The Massachusetts General Court may study its education formula during the two-year legislative session that began in January. Filed by Sen. Jason Lewis, the proposal could benefit gateway cities and less affluent towns.
“It is time, once again, to revisit the adequacy and equity of our school funding system,” argued Lewis, last session’s education chair. New committee appointments will be announced in weeks.
While hopeful, his outlook is tempered by political reality. Not all legislators share his view. Some are content with the status quo, citing the 2019 Student Opportunity Act to put off further spending.
Though the SOA is “making a major difference,” Lewis said it is “still not sufficient to address all of the fiscal challenges.” As The Banner previously reported, major recipients of SOA money are struggling.
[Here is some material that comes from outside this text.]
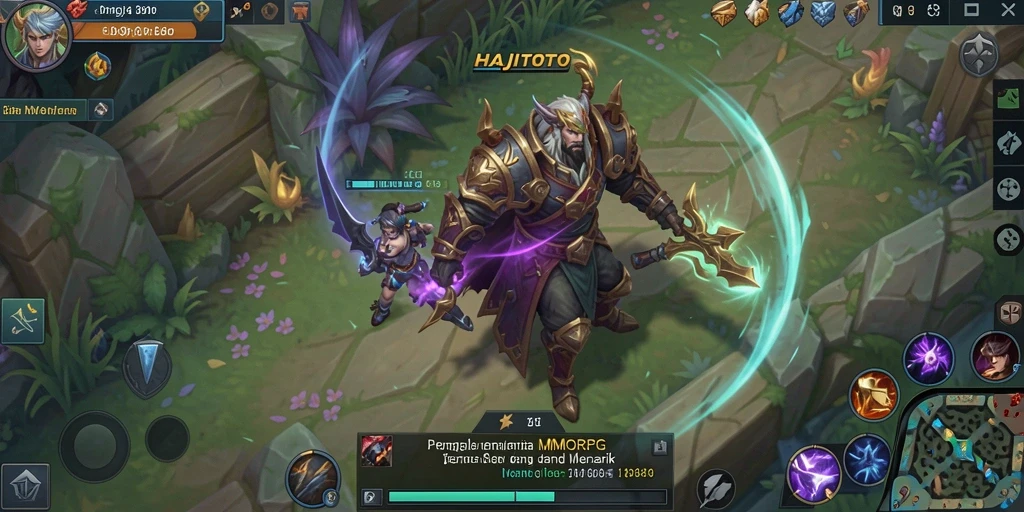Gameplay seru HAJITOTO dengan petualangan MMORPG yang mendebarkan.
Massachusetts’s 351 municipalities, alongside 88 regional and vocational schools, are counted as districts in the calculation for state school aid.
Context varies widely between regions, in size, “urban and rural, suburban,” he said. “We need to understand what their needs are in these different districts” and “what their local municipalities can afford to contribute to their schools.”
“The state is committed to providing adequate resources,” said Lewis. “That’s what we’re constitutionally required to do,” the state senator said of our “fundamental responsibility.”
Lewis sees an ally in state Senate President Karen Spilka. “This is an effort that she thinks should be a priority this session,” he said.
“We haven’t heard from the governor or Secretary Tutweiler.” Likewise, he continued, “We have not seen any evidence from the leaders of the House of Representatives that they believe” reforming the education formula “needs to be a priority.”
“We need stakeholders, including especially parents and students and teachers and school administrators, to advocate with legislators and with the governor,” he said. “Nobody should take for granted that there is agreement.”
“The state Senate is already on record,” said Lewis. Last year, the Senate budget had a similar policy proposal that did not survive conference negotiations with the House.
The commission proposed in Lewis’s latest bill would take on a broader mandate: both the Foundation Budget’s adequacy and “the local contribution side of the formula.” The latter “is broken,” he said. “We haven’t made any changes and updates to that part of the formula since 2007.”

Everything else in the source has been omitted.